PROBLEM DETAILS:
In your copy, leave out the pictures and output only the lines from the one holding "is there a money grame in luanda angola" through the end of the data below, exactly.

——

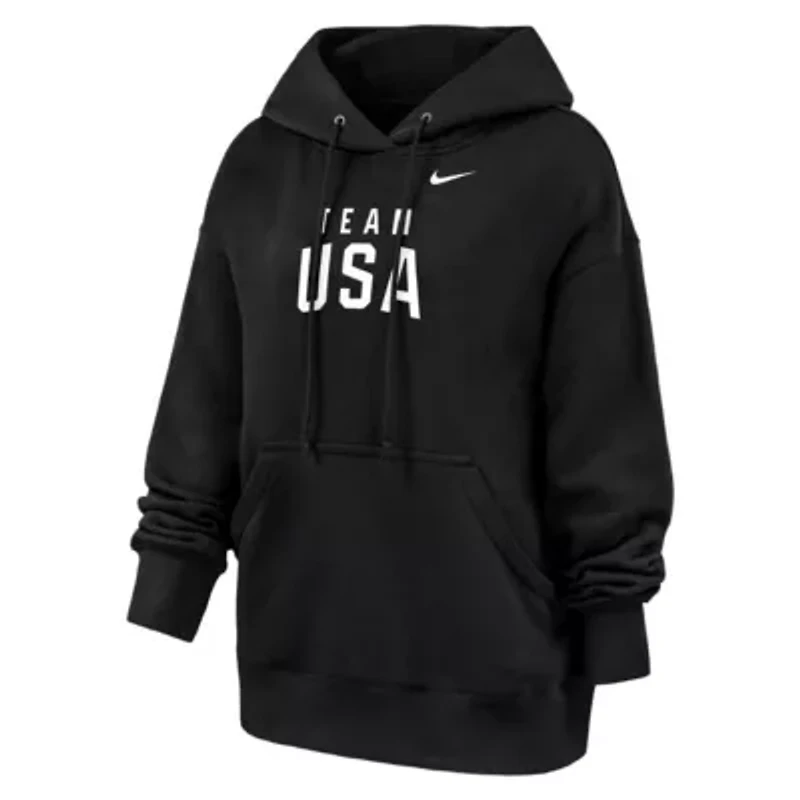 Olympics Nike Team USA Oversized Phoenix Fleece Hoodie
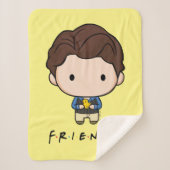 FRIENDS™ | Chandler Chibi Sherpa Deken (Voorkant)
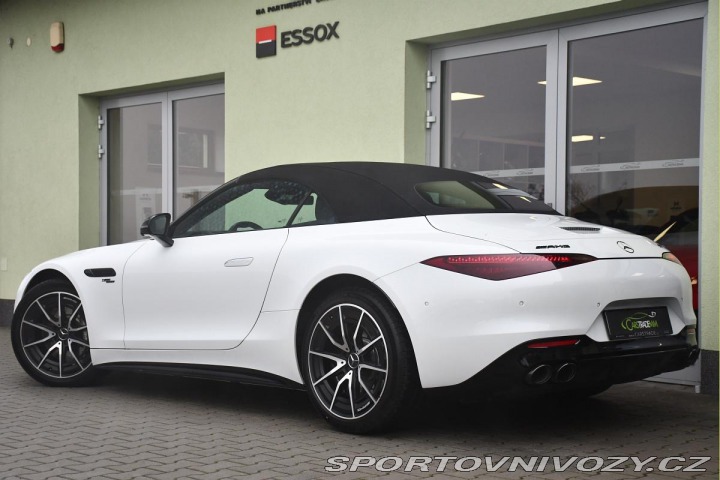 Mercedes-Benz SL 43 AMG HUD K360°4L-ZÁRUKA 2023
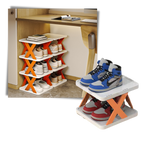 Rangement pour chaussures à plusieurs niveaux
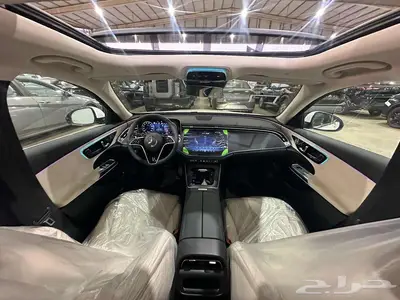 مرسيدس بنز E200 2025 ( اصفار ) كاش وتمويل 10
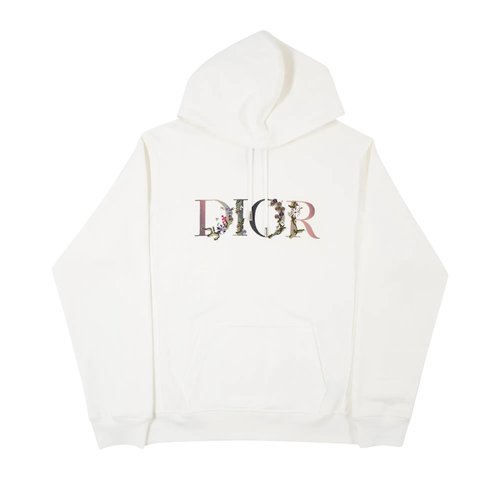 Dior Flowers Embroidered Hoodie - 113J688A0531C084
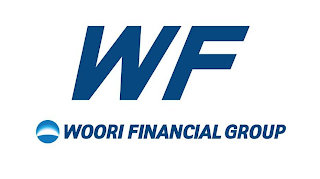 WF WOORI FINANCIAL GROUP logo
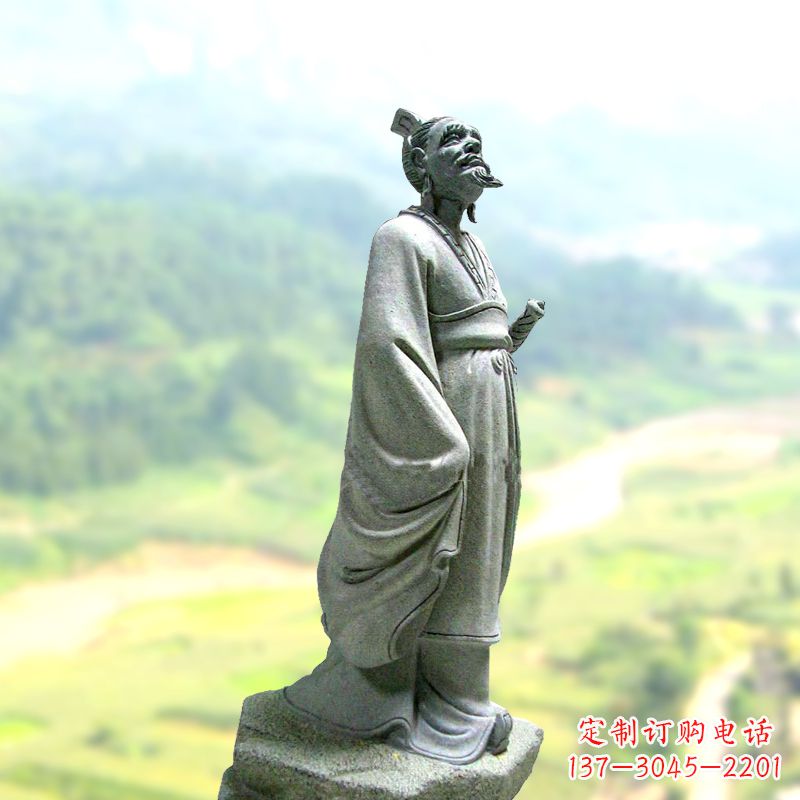 深圳扁鹊雕塑一座象征历史传承的艺术杰作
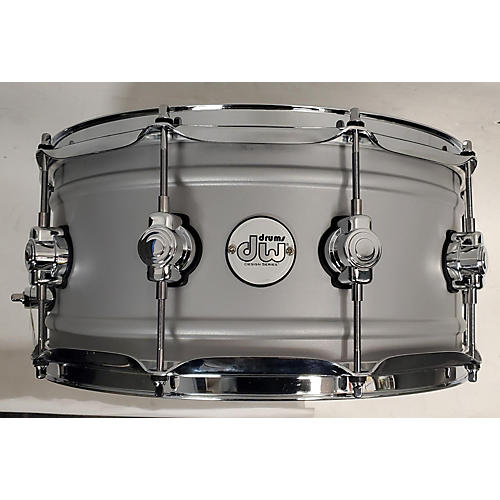 DW 6.5X14 Design Series Snare Drum Silver 15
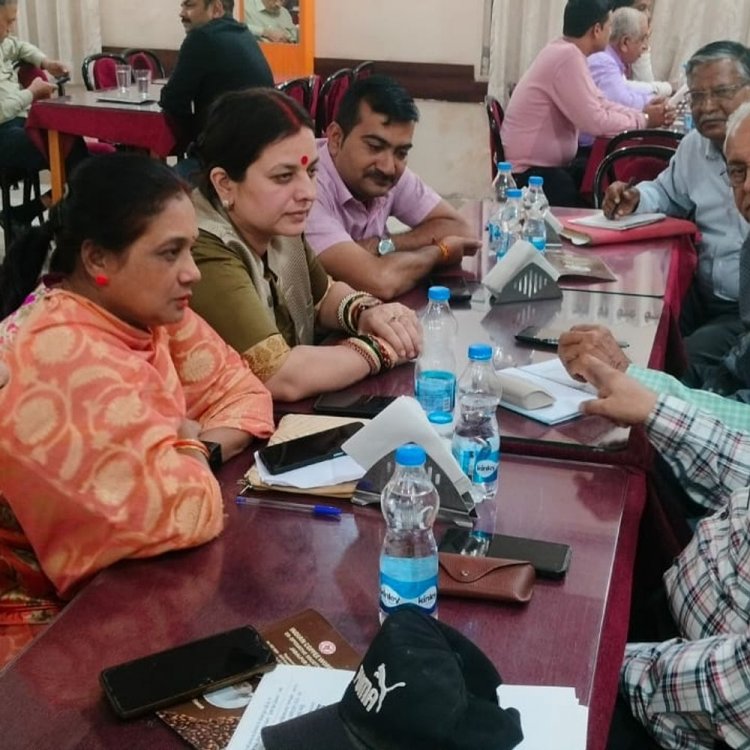 डॉ. अभिमन्यु मल्टीस्पेशलिटी आयुर्वेदिक अस्पताल का  कौशल्या विहार में भव्य शुभारंभ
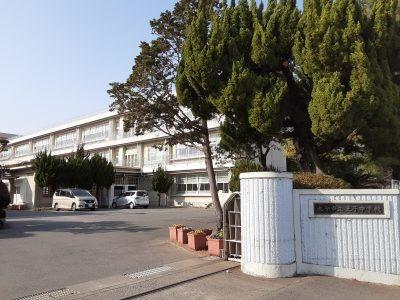 大分市大道町５丁目の土地(大分市立王子中学校)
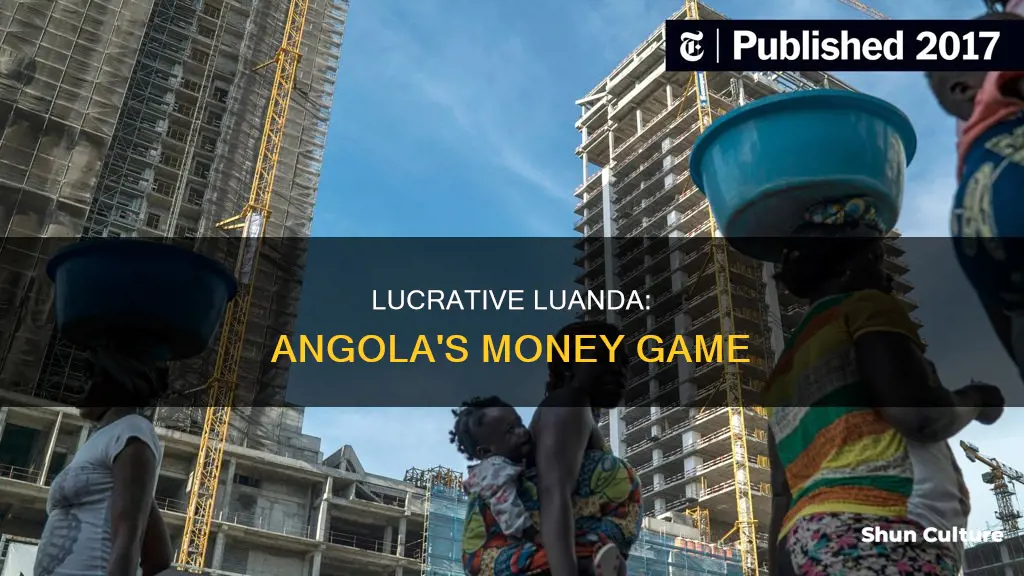 is there a money grame in luanda angola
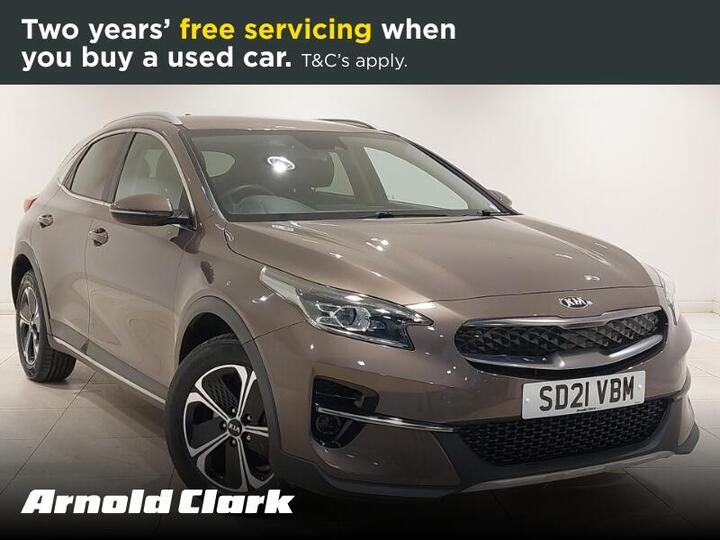 Kia XCeed 1.6 GDi 8.9kWh 3 DCT Euro 6 (s/s) 5dr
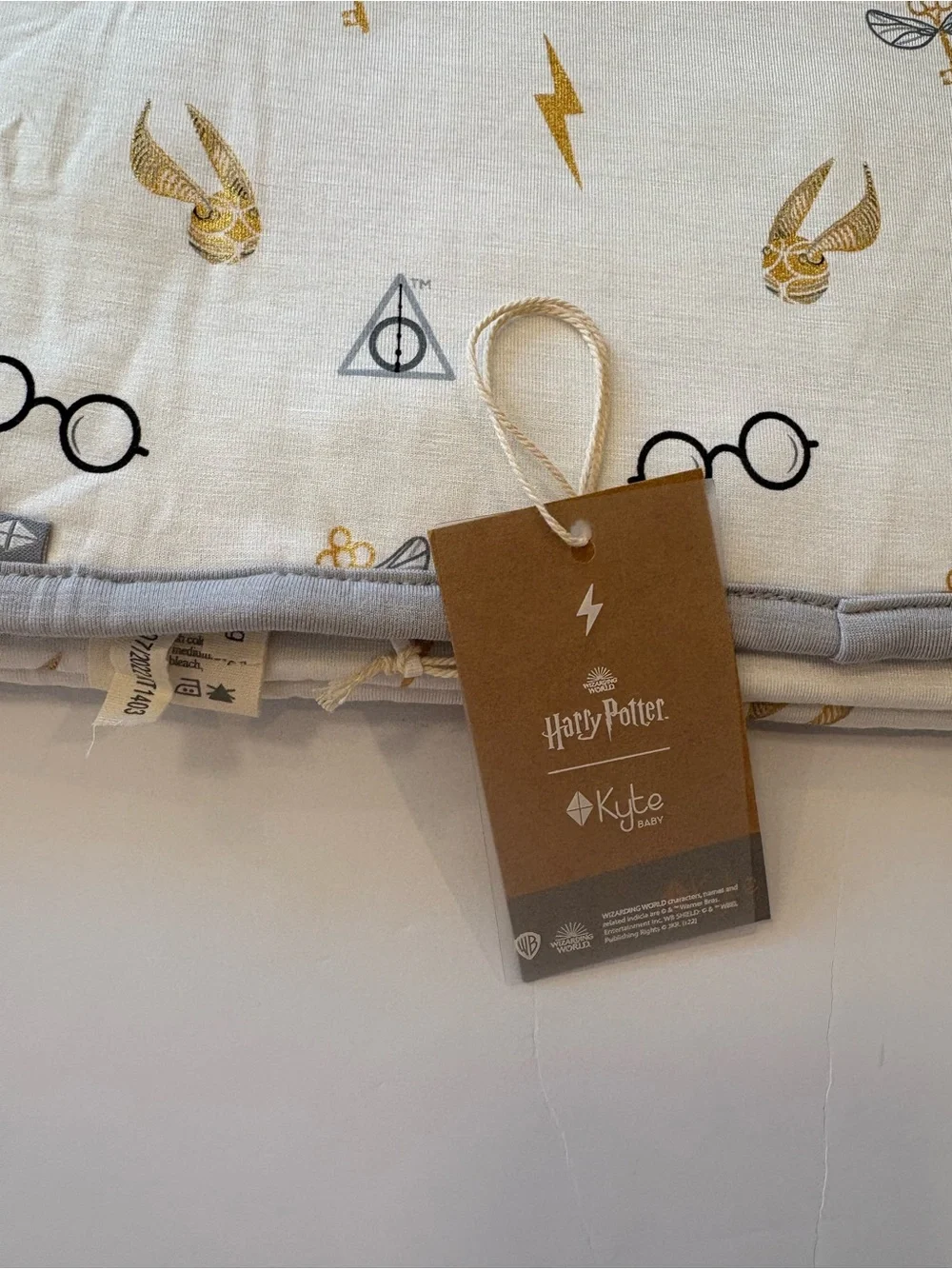 KYTE Harry Potter Toddler Icon Blanket NIB 1.0 TOG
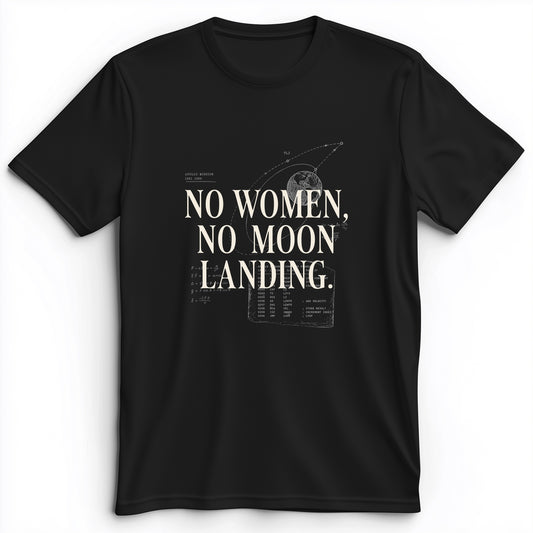 Women of NASA Premium Tee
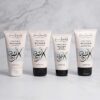 Percy  Reed Discover Something Wonderful Gift Set  Complete Hair Care Gift Set 4In1  Includes Wonder Range Shampoo Conditioner Hair Balm Overnigh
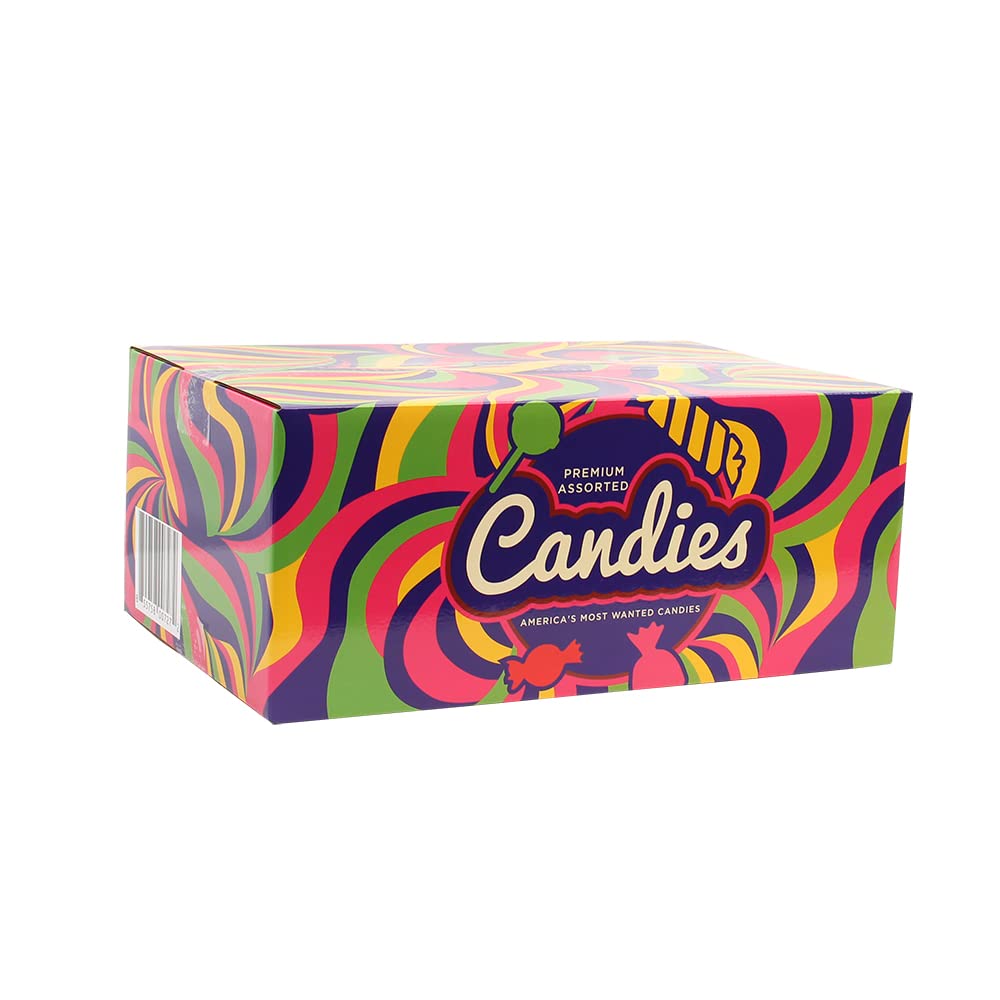 Assorted Classic Candy - Huge PARTY MIX Bulk BOX! 11.50 lbs / 184 oz Classic Individually Wrapped Candies of All Time America's Most Favorite Assorted Candies (180)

——

RESPONSE TO THE TASK:
 is there a money grame in luanda angola
 Kia XCeed 1.6 GDi 8.9kWh 3 DCT Euro 6 (s/s) 5dr
 KYTE Harry Potter Toddler Icon Blanket NIB 1.0 TOG
 Women of NASA Premium Tee
 Percy  Reed Discover Something Wonderful Gift Set  Complete Hair Care Gift Set 4In1  Includes Wonder Range Shampoo Conditioner Hair Balm Overnigh
 Assorted Classic Candy - Huge PARTY MIX Bulk BOX! 11.50 lbs / 184 oz Classic Individually Wrapped Candies of All Time America's Most Favorite Assorted Candies (180)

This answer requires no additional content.